What I have found is they will fill whatever space is available at the top of the combs with honey stores, and they stick out quite far into the bees space and sometimes is even joined between combs with very light burr comb. Comb midrib still seems to shift gradually towards the front edge of the top bars as one moves back through the hive. Its also one of the reasons I started reversing top bars rapidly as they built comb on them. It made them do a light zig zag across the bars but helped keep it generally centered. The only thing I find lacking is sometimes they started a new piece of comb on the opposite end of the bar, and the housel position is reversed on these new combs. I am going to have to cull combs one at a time as the brood nest develops. I also need to redesign my top bars. I am thinking of using an embossed angle that is cut with a router so that the point of the top bar is level with the hive body edges. Will give a little more volume. I don't know though, just speculating.

The top bar do definately need to be reduced in width though because the comb get built at an angle towards the front as the comb gets longer in height.


----------



## Michael Bush (Aug 2, 2002)

I inspected mine breifly again today. Amazing how undisturbed they get!


[This message has been edited by Michael Bush (edited May 15, 2004).]


----------



## Scot Mc Pherson (Oct 12, 2001)

Yes it is amazing. Why do you think I like them so much.

Here are some pics of my son Davis working the hives with me.
http://linuxfromscratch.org/~scot/pics/Bees/Davis1.jpg 
http://linuxfromscratch.org/~scot/pics/Bees/Davis2.jpg 

------------------
Scot Mc Pherson
"Linux is a Journey, not a Guided Tour" ~ Me
"Do or not do, there is no try" ~ Master Yoda
BeeSourceFAQ: http://linuxfromscratch.org/~scot/beewiki/


----------



## Cinnamon (Feb 1, 2004)

Hi,

Scott, I can't view the pics cause I get taken to a mirror site 

Cinnamon, still without bees but I nearly had the ones that settled in Lambeth Palace gardens yesterday (where the Archbishop lives). Unfortunatly, by the time the beekeepers got there to collect them, they'd taken off again







Oh well, tomorrow is also a nice day(finally. It rained like mad here!), there has to be a swarm somewhere


----------



## Scot Mc Pherson (Oct 12, 2001)

Bleh...The server's user sites are not mirrored like the main part of the site is. THis is a linux distribution site, and the founders have their own pages on the main server. Because I mispelled /Bees/ /bees/ it tried to jump to the mirror list. Sorry about that, try these links below.
http://linuxfromscratch.org/~scot/pics/bees/Davis1.jpg http://linuxfromscratch.org/~scot/pics/bees/Davis2.jpg


----------



## BWrangler (Aug 14, 2002)

Hi Scot,

What a handsome and brave young man. It's pretty neat when a child takes enough interest to go with dad.

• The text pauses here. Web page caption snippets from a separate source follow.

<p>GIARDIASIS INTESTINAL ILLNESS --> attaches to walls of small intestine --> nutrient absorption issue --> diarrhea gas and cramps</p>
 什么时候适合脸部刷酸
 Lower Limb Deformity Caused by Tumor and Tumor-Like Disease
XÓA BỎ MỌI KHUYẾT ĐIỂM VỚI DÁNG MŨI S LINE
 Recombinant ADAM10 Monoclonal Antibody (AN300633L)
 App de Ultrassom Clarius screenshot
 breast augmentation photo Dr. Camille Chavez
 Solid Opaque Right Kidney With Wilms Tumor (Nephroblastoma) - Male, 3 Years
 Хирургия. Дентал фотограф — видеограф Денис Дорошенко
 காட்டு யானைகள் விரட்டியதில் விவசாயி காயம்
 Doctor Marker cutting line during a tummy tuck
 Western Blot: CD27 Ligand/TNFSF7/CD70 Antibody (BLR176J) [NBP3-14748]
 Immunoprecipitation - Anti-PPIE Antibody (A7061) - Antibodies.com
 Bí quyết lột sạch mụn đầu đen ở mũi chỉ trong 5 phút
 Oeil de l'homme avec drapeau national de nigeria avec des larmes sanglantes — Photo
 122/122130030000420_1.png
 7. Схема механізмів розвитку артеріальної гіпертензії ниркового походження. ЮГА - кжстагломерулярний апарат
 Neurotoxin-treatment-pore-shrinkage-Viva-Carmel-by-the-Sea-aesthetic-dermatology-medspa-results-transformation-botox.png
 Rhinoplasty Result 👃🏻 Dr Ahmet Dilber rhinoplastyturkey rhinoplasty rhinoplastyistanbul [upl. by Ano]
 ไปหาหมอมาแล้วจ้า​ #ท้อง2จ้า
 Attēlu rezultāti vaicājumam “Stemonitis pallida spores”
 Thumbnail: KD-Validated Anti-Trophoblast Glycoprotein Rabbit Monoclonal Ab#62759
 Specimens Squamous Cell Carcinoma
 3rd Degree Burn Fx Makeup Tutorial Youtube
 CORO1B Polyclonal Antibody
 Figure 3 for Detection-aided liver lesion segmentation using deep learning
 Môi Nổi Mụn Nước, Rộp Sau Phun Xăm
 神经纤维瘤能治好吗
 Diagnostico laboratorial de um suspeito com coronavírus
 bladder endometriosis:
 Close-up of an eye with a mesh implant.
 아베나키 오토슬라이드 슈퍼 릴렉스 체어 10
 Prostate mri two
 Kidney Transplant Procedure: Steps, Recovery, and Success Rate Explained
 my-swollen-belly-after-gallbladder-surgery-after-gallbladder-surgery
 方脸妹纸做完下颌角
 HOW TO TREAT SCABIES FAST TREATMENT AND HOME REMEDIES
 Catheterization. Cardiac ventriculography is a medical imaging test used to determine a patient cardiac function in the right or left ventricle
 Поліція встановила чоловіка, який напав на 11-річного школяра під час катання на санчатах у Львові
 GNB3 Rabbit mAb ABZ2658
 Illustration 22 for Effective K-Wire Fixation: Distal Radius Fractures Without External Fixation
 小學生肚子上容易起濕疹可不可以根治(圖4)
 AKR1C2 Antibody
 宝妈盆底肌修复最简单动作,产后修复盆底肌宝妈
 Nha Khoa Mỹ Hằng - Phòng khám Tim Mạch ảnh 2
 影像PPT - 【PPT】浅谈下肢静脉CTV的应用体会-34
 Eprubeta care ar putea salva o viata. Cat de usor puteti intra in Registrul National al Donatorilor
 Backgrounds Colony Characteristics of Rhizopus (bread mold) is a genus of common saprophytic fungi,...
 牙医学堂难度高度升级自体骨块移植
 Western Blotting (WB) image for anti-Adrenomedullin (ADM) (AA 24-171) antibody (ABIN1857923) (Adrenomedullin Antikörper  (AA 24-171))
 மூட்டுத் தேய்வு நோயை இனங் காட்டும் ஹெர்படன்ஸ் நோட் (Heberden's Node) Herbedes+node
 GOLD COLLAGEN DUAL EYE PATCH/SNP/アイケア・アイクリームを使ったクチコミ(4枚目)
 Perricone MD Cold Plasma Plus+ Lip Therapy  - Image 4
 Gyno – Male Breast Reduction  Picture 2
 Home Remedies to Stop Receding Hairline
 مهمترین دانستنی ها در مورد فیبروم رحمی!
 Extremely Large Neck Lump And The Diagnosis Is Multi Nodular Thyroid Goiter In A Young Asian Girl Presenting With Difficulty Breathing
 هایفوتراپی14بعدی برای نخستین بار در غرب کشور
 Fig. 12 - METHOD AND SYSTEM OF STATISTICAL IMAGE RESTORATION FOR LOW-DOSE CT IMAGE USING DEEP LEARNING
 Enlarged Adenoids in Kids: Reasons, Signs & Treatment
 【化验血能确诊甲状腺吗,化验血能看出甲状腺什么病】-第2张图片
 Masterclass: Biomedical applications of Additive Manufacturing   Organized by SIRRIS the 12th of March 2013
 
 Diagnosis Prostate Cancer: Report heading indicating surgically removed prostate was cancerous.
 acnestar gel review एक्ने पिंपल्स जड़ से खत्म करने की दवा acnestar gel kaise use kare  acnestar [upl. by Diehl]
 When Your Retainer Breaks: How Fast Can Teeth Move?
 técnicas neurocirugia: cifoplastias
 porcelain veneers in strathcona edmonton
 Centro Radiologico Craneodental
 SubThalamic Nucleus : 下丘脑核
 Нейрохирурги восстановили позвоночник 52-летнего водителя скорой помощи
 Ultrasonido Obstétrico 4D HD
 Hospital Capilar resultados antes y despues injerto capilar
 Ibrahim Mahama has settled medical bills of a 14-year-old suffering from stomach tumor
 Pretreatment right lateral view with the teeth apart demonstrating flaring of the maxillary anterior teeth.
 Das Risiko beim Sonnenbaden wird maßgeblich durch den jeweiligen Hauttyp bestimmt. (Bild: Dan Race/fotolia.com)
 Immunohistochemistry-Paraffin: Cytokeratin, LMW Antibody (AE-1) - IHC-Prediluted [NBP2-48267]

Unfortunately my children worked bees with me when I was a commercial beekeeper. That wrecked them for life. A few years with a top bar hive would have been a much better introduction to beekeeping.

Regards
Dennis


----------



## chemistbert (Mar 4, 2004)

Now that boy has some calm nerves. I won't handle my bees without a veil that's for certain. Took a sting on the nose the other day, that'll teach me I guess. Hive looks good too!


----------



## Scot Mc Pherson (Oct 12, 2001)

My own bees have stung me 4 times this year. 1 time in the forehead because the hive I was inspecting was "semi-queenless"...that's a long story...basically the queen wasn't done mating I think and spent too much time away from the hives for a little over a week for the bee's comfort.

1 times in the wrist in a hive I just wasn't careful enough while working and this bees launched itself at me.

1 time in the tip of my ring finger, just under the fingernail because I squashed a little while picking up a bar of comb. Didn't let go of that bar either when it happened. I put the bar where it needed to be carefully and swiftly though. **** that one REALLY hurt...I still have the blood spot under the skin from that one too.

The 4th time wasn't even my bees. It was a little red wasp that got under my eye glasses that panicked and stung me in the eyelid when my eyelid automatically reacted. That was 15 minutes before going to work at the resturant. Felt like I got hit by a baseball bat. I am sure no one at work believed that story either....that a wasp stung me while getting ready for work and that it WASN'T one of the many thousands of bees flying around me when working the hives.

All the stings I have received from my own bees have genuinely been directly my fault, even the one on the forehead. I knew the bees were a little antsy and I should have taken greater care.


----------



## BerkeyDavid (Jan 29, 2004)

Nice pictures Scott, nice job working with your son like that!

I like the adjustment end piece on your TBH. I have had some problems as the weather warmed up with expansion of my top bars. I like the idea of a piece at the end that can be adjusted to account for swelling of the top bars. I think I will make one with a slot to permit more movement. 

Have you had any problem with that? Maybe Ijust built them too tight.

My TBH hives are still doing well, no cross comb in any of them except the one that they built up around the queen cage. I have that one pretty well straightened out except for the middle 4 bars. They just kept reworking it. So I have decided to just let them alone and then later move those bars to one end, eventually maybe replace them. But lots of brood in them and I don't want to mess up their building up the numbers...

Cheers to all!


----------



## Scot Mc Pherson (Oct 12, 2001)

The cleat in the front is firmly attached. It doesn't adjust nor move at all. The cleat in the back isn't attached at all, its just an oversized top bar that's the same as the front cleat. This oversizing of the cleats is what suspends the roof over the whole hive. The bits of the roof that telescope over the ends of the hive are the same on the front and back, after I have put the hive back together and I put the roof ontop, I push the roof forward which compresses all the top bars. That last cleat hangs over the back of the hive some, so the roof can do this without hitting the back of the hive body. It work like a weighted anchor to hold the top bars forward.


----------



## BerkeyDavid (Jan 29, 2004)

OK, thanks for the clarification. Had a strong thunderstorm blow through yesterday, fortunately the sun came out about 5 and I went out to check hives. One of my TBH roofs was blown 50 feet into the clover! Along with half a dozen empty tob bars. None had comb on them. But that hive was buzzing! wide open! So I added another concrete block to the top. other hives, including my 3 langs, were ok. Warning: Bigger roofs need bigger stones!


----------



## Michael Bush (Aug 2, 2002)

Yes, I have a full 8 x 8 x 16" concrete block on mine. No problems so far. But that's also what I have on most of my hives. I get several wind storms a year that will blow off a cover with a couple of regular bricks on it.

I'm tempted to buy some 12" x 12" x 2" concrete flag stones. They might weigh less and still hold the lid on.


----------